El silencio se instaló de nuevo entre ellos, cada uno sumido en sus pensamientos. Emily quería que Cody fuera quien sacara a relucir sus preocupaciones.
—¿Estás enamorada de Sam? Me refiero a si le amas como en las novelas…
—Sí, mucho.
—Pero él es tu marido. Si volviera y viera a Sam, se enfadaría mucho y lo echaría. —La voz de Cody delataba un débil temblor que entristeció a Emily.
—Sí, Gregory se enfadaría mucho. Pero, aunque regrese, tú y yo hemos cambiado. Ahora somos mucho más fuertes y le plantaremos cara. Le diremos que nos quedamos con Sam.
—No quiero que vuelva, mamá. Y quiero que Sam se quede con nosotros.
Emily cerró los ojos, llevada por un alivio que le quitó de encima el peso de la incertidumbre.

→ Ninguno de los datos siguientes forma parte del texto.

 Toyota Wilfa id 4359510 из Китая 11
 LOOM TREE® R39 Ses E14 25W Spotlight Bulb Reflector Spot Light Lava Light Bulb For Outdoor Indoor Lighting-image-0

—Me gusta Sam —susurró el niño—. No se enfada conmigo, nunca me grita. Y es bueno con Nube Gris, no lo trata como Douglas. Y a ti te hace reír. Pero, mamá… —alzó el rostro para mirar a su madre a los ojos—, ¿me seguirás queriendo si Sam se queda?
Los ojos de Emily se colmaron de lágrimas. Hasta entonces ella y Cody se habían protegido en lo bueno y lo malo, se habían dado consuelo formando un círculo invisible que los protegió de los arranques de ira de Gregory. Pero, en ese momento, Cody temía verse desplazado en el corazón de su madre.
—Cariño, siempre te querré. Nada ni nadie podrá cambiar eso. Quiero mucho a Sam, pero tú —aseguró con una sonrisa trémula, tocándole la punta de la nariz—. Tú siempre serás mi hombrecito.
El niño asintió con mucha seriedad.
—Creo que debería hablar con Sam.
—¿Y qué piensas decirle?
Cody se levantó, restregándose el trasero para quitarse el polvo. Después puso los brazos en jarras, a la vez que hinchaba el pecho.
—Tengo que averiguar cuáles son sus intenciones contigo. Tengo que velar por tu… tu… —se rascó la coronilla—, tu… no sé cómo se llama, pero Kirk me dijo un día que un hombre tiene que asegurarse de que las mujeres de su familia son respetadas.
Llena de orgullo, Emily vio cómo su hijo se acercaba a Sam, quien cepillaba a Rufián mientras este pastaba tranquilamente. Cody era lo único bueno que le había dado Gregory, un niño digno de ser querido, amado hasta el sacrificio.